Radiation induced M-centre production in NaCl at and above 15 °C

Abstract
From a series of experiments studying F and M-centre production at low gamma dose rates ~ 10⁴ Rh^-1) and at temperatures in the range 15-95 °C, it was found that M-centre production could be described by two distinct processes, one purely statistical, and another due to F-centre thermal diffusion [l, 2]. Experiments are now being carried out irradiating samples with 1.2 MeV electrons (I ~ 10⁴ nA cm^-2, equivalent to ~ 10⁵ Rh^-1), with the aim to bridging the gap between the low dose rate work (~ 10⁴ Rh^-1, F-centre density ~ 10¹⁶ cm^-3) and the high dose rate data (≥ 10⁶ Rh^-1, F-centre density ≥ 10¹⁷ cm^-3).
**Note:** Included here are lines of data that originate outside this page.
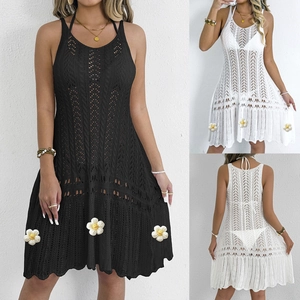 Detailed close-up of crochet hollow-out pattern and floral appliques on the beach cover-up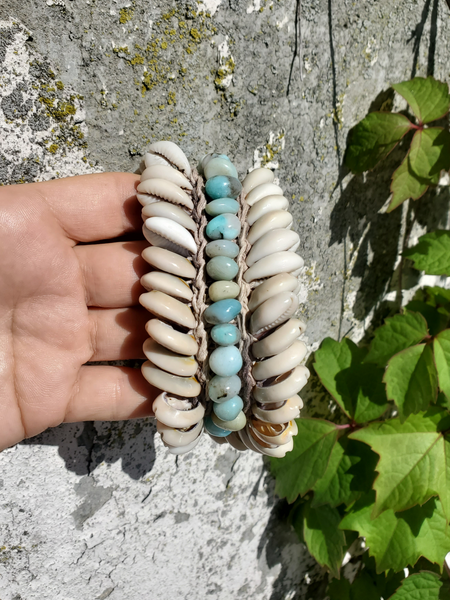 crocheted hemp base, added sliced cowrie shells, hand stitched amazonite nugget beads, tie closure with shell tips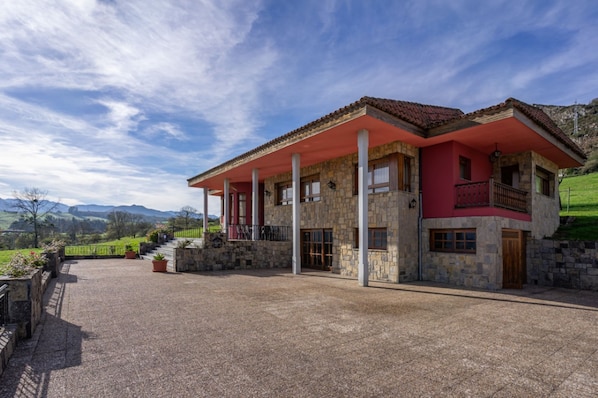 Una casa de piedra de dos pisos con techo rojo y un porche cubierto.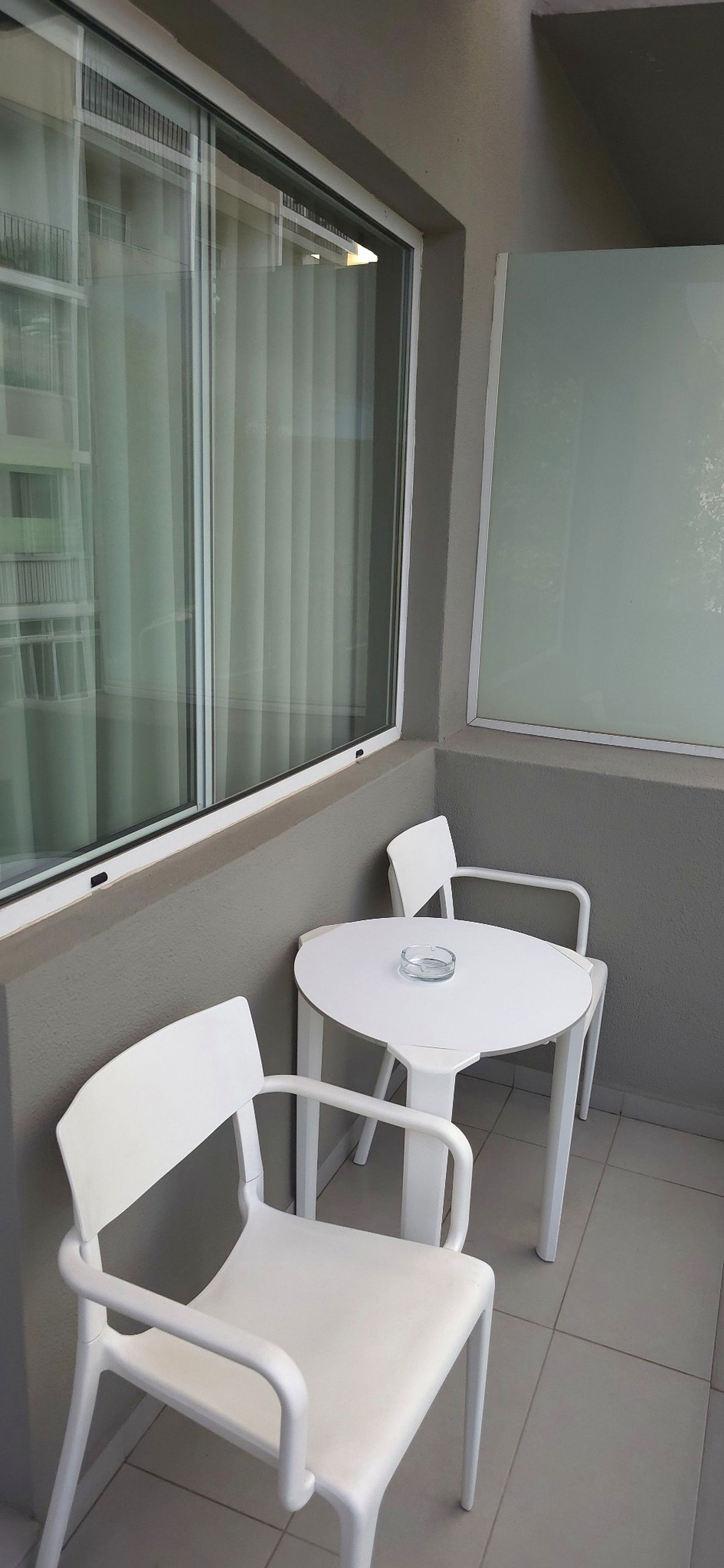 Ein kleiner Balkon mit zwei weißen Stühlen und einem runden Tisch, ein Fenster mit Vorhängen sowie eine Wand mit einer Milchglasscheibe.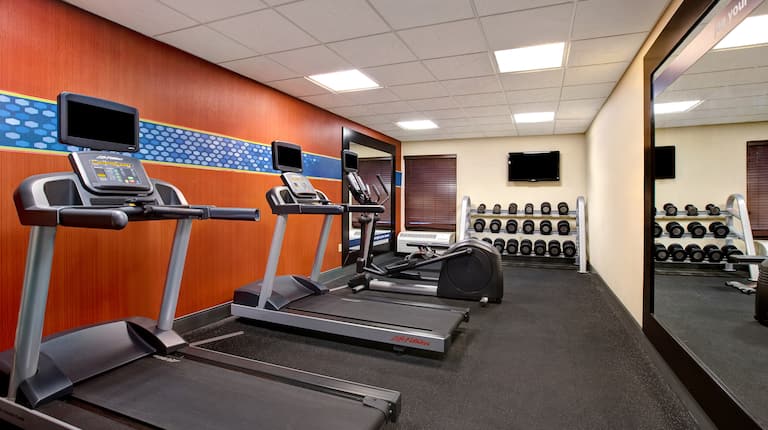 On-Site Fitness Center, Treadmills, Free Weights
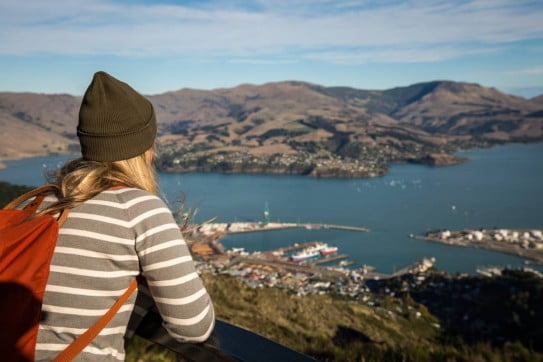 Woman looking out over Lyttelton Harbour. 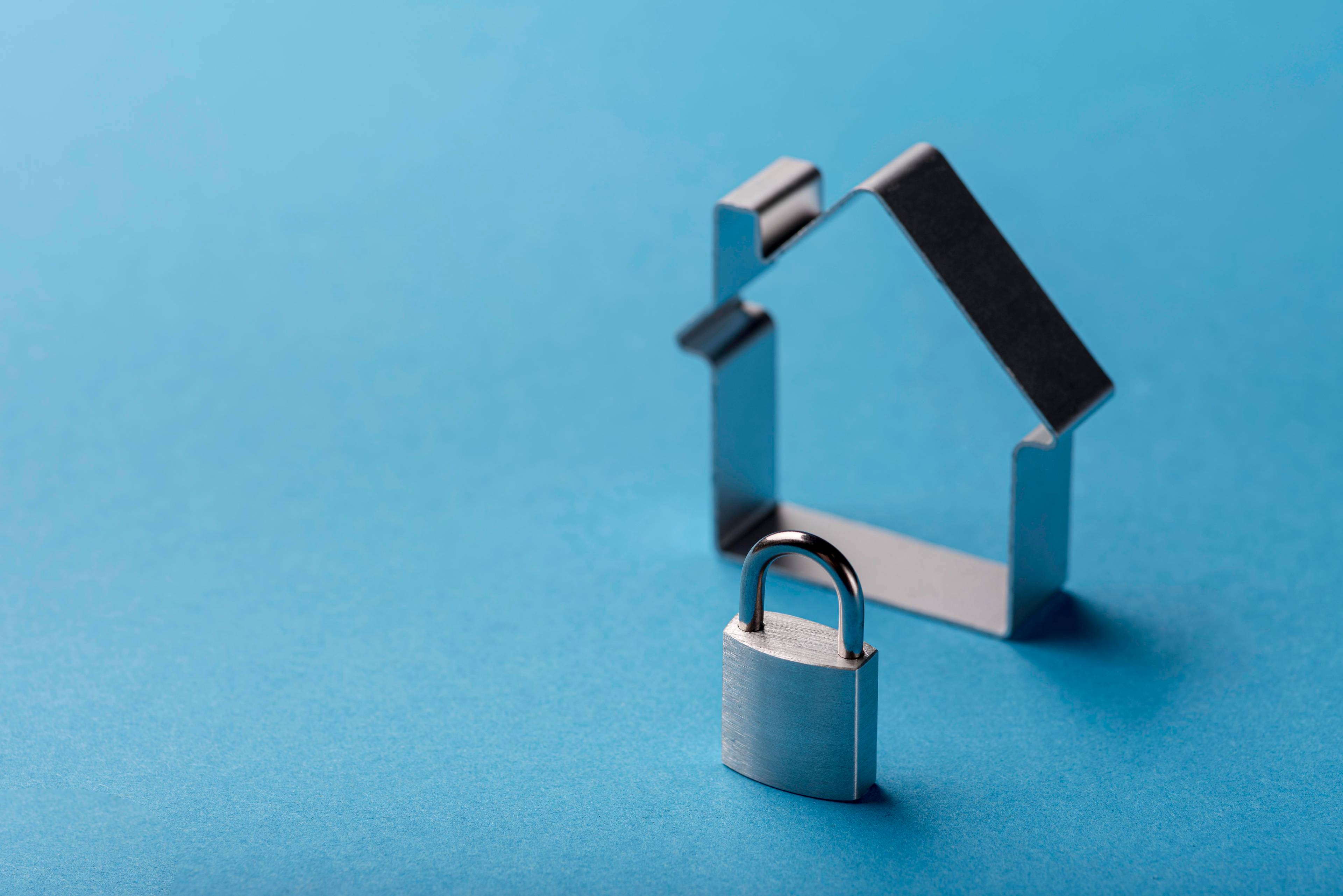 Padlock next to steel model outline of house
In this way, one should be able to separate the individual processes involved in F-aggregation and determine the dominant process at any given dose rate. At the medium dose rates a non-thermal diffusion process is observed, which is directly proportional to the dose rate. The M-centre production rate may be written, dM/dt = 2K₁ F dF/dt + K₂(T) F² + K₃(φ) F² - f (M). The first term represents the statistical M-centre production, the second thermal diffusion, the third radiation induced diffusion and the last term all possible M-centre annihilation processes [2]. This last term is necessary at and above about 75 °C where R-centre production is observed to be important. Whereas the thermal diffusion process is important even at low F-centre densities (< 10¹⁶ cm^-3), the radiation induced diffusion appears to be short range, only being observed for F-centre densities above about 10¹⁷ cm^-3. As in the case of the thermal diffusion process, the radiation induced diffusion process also does not lead to an M = K₁ F² relation. The fact that this relationship is observed to hold at very high dose rates could be due to the importance of the term f(M) giving rise to an equilibrium situation, or to the term dF/dt which increases rapidly in third stage coloration.